What replaced it?  A fun, pop culture driven social media strategy that would help cement the public’s trust with a nationally accredited Police Department that protects, is compassionate, and engages with the people they serve.

“The innovative and unconventional approach took a leap of faith,” said City Manager Shana Yelverton. “But we felt the risk was worth it to get important messages to the public in a form they could digest and enjoy.”

“We had a good following on the Southlake DPS Facebook accounts,” said Police Chief James Brandon.  “But with our change in strategy, we saw a 285% increase in Facebook followers, which was important to achieving a crowdsourcing approach to ensuring safety and security.”

As the following grew, the posts focused on three main areas: sound police management practices and protocols, the officers’ professional training, and their relationship-building activities.  But make no mistake, the approach was anything but ordinary.

People started noticing after a Facebook and Twitter post called “GURL CALL ME.”

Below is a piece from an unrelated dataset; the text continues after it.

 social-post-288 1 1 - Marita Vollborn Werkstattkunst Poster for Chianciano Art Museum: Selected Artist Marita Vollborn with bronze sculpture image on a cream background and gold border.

The post was a “letter” written to a woman suspected of identity theft. The letter was much more than the usual, “we are looking for this criminal” narrative, as it used emojis and “teen girl talk” to give facts about the case and also signed off with the now infamous phrase GURL CALL ME. With this post, the Southlake DPS Facebook page saw its following double in less than 24 hours, reaching more than 3.1 million people and 1.7 million engagements.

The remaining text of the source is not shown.